Export Oriented Units Scheme 1981
The Export Oriented Units (EOU) scheme was introduced to boost exports, increase foreign exchange and create employment in India. The EOU scheme is complementary to the scheme for Free Trade Zone, Export Processing Zone.
In this article, we look at the Export Oriented Units scheme in detail.
Export Oriented Units (EOUs) have been defined under Chapter 6 of Foreign Trade Policy (FTP) as those units undertaking to export their entire production of goods and services [except permissible sales in Domestic Tariff Area (DTA) for manufacture of goods, including repair, re-making, reconditioning, re-engineering, rendering of services, development of software, agriculture including agro-processing, aquaculture, animal husbandry, biotechnology, floriculture, horticulture, pisciculture, viticulture, poultry and sericulture]. Trading units are not covered under the EOU.
For the status of EOU, the project must have a minimum investment of Rs.1 crore in plant and machinery. This condition does not apply on EOUs involved in handicrafts, agriculture, animal husbandry, information technology, services, brass hardware, handmade jewellery, software technology parts, electronics hardware technology parks and biotechnology parks.
An application for setting up an EOU needs to be made in ANF 6A to the office of the DC. Apart from the application fee of Rs 5000/- , some of the other documents required are the Certificate of Incorporation, Articles of Association (AOA), Partnership Deed as the case may be, existing and proposed capital structure, would need to be submitted.
Application for setting up of EOU shall be approved or rejected by Unit Approval Committee (UAC) within 15 days, as per the criteria specified in appendix 6A.
On approval, a Letter of Permission (LoP) is issued by Development Commissioner of the Special Economic Zone (SEZ) under whose administrative control the EOUs comes. The validity of LoP is for a period of 5 years (excluding the period of 2 years for commencement of production). The LoP is considered as Authorization.

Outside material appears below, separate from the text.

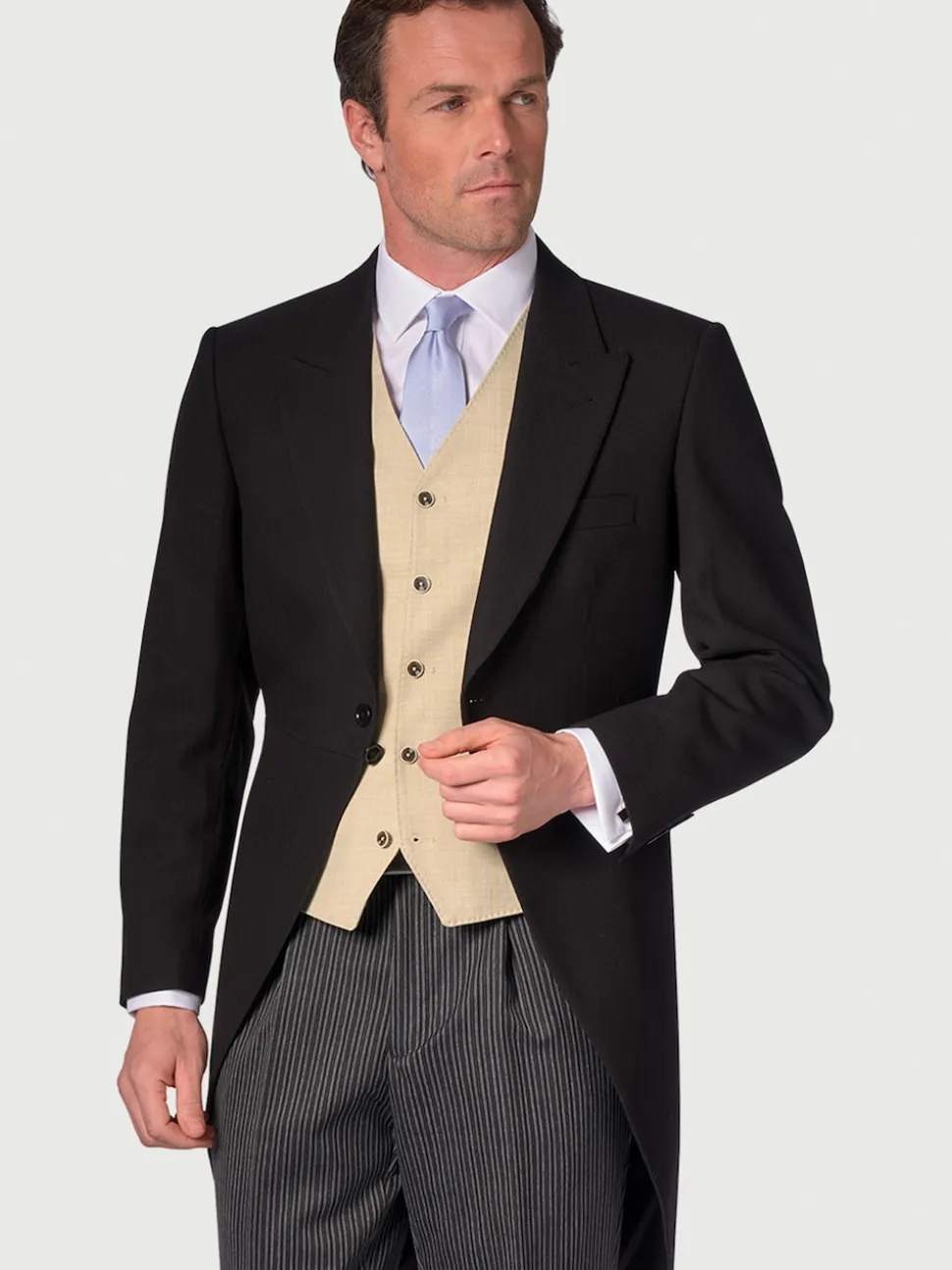 Brook Taverner Black Regular Fit Pure New Wool Morning Suit Tailcoat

Under GST, there is no exemption available to supplier of goods to EOU. IGST, CGST and SGST, as applicable, will be payable by the supplier who supplies the goods to EOU. EOU has following options to offset GST paid on goods received from suppliers:
Option 1 – To take input tax credit of GST paid and utilize the same towards supplies made by EOU to Domestic Tariff Area Customer.
Option 2 – Claim refund of GST paid.
EOU units are required to pay applicable GST on supply made to DTA. Only in case of zero rated supplies, as defined under section 16 of the IGST Act, EOU are exempted from payment of GST. Hence, when an EOU units undertakes physical export of goods or services or supplies goods or services to special economic zone (SEZ) developer or special economic zone unit, then, in such cases, EOU units are exempted from payment of GST.

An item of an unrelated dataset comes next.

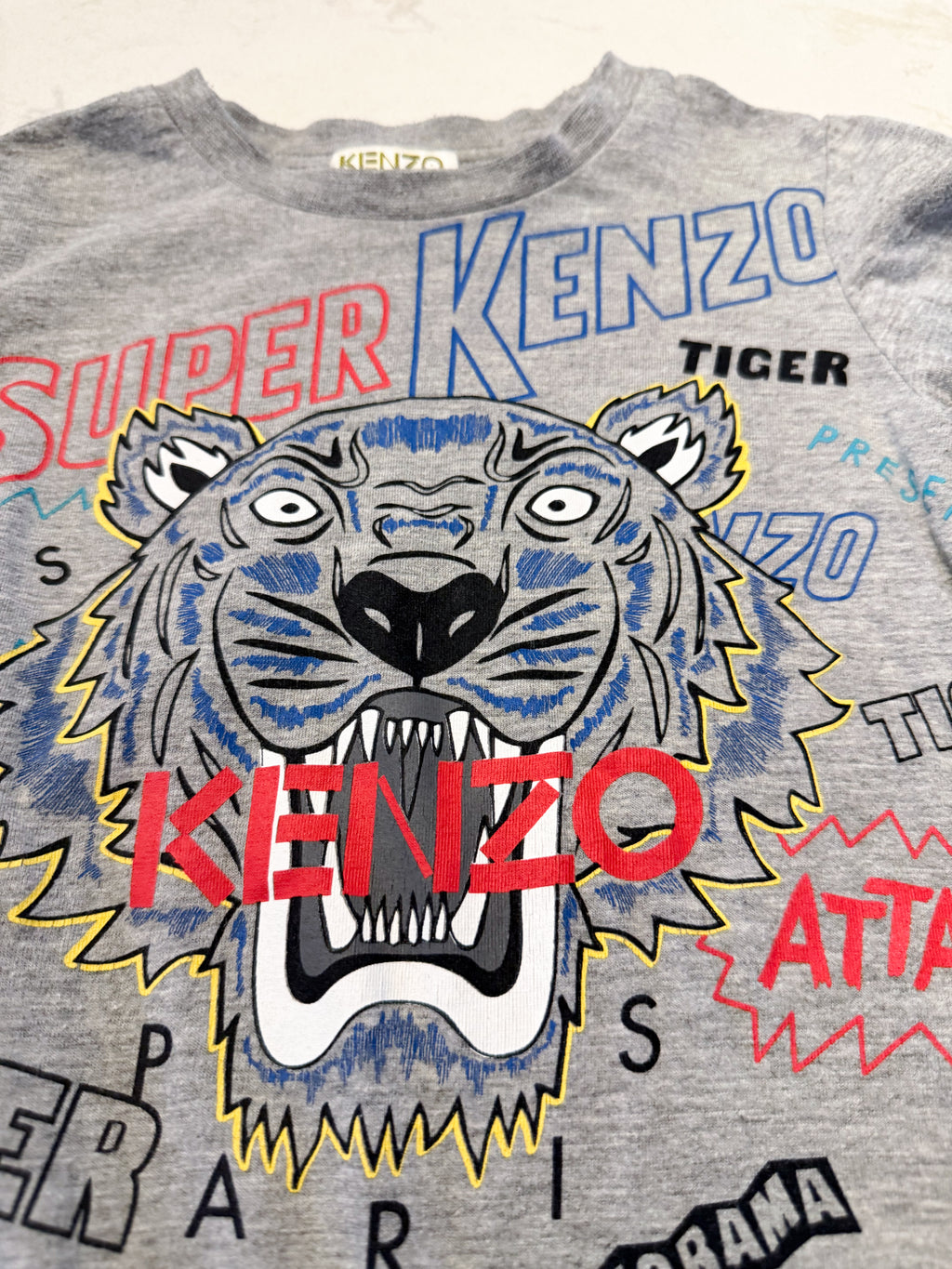 Kenzo-4T- GUC- long sleeve grey shirt with tiger and Kenzo graphics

When the goods are supplied by one EOU to another EOU, such supply would be treated as any other supplies under GST law and hence GST would be payable on the same as payable under any other supplies.
Exemption from the additional duties of customs, if any, under section 3(1), section 3(3) and section 3(5) of the Customs Tariff Act, 1975 and exemption from central excise duty will be available for goods specified under the Schedule IV of Central Excise Act.

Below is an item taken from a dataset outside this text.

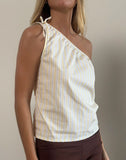 Image of Miringa One Sleeve Top in Candy Stripe Yellow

In order to avail benefit of import duty exemption, EOU unit needs to follow the procedure under the Customs (Import of Goods at Concessional Rate of Duty) Rules, 2017.
Although both EOUs and SEZs, were initiated to boost exports, there are differences between the two. An EOU can be set up anywhere in the country, provided it meets the scheme’s criteria. On the other hand, an SEZ is a specially demarcated enclave that is deemed to be outside the Customs jurisdiction and therefore, a foreign territory. Thus, any sale made from an SEZ to DTA is considered as import for the DTA unit. Moreover, any supply from DTA to an SEZ is considered as export. On the other hand supplies from DTA to an EOU are considered as deemed exports.
Being a clearly demarcated area, there is substantial control over the physical movement of goods to and from SEZs, but the same cannot be said about EOUs. In terms of the fiscal treatment, SEZs are zero rates and hence exempt from payment of GST while in the case of EOUs, the principle of refund of GST paid is applicable.
Minimum investment in plant and machinery and building is Rs 1 crore for EOUs. This should be before commencement of commercial production, there is no such limit for SEZ.
With approval of DC, an EOU may opt out of scheme. Such exit shall be subject to payment of applicable Excise and Customs duties and on payment of applicable IGST/ CGST/ SGST/ UTGST and compensation cess, if any, and industrial policy in force.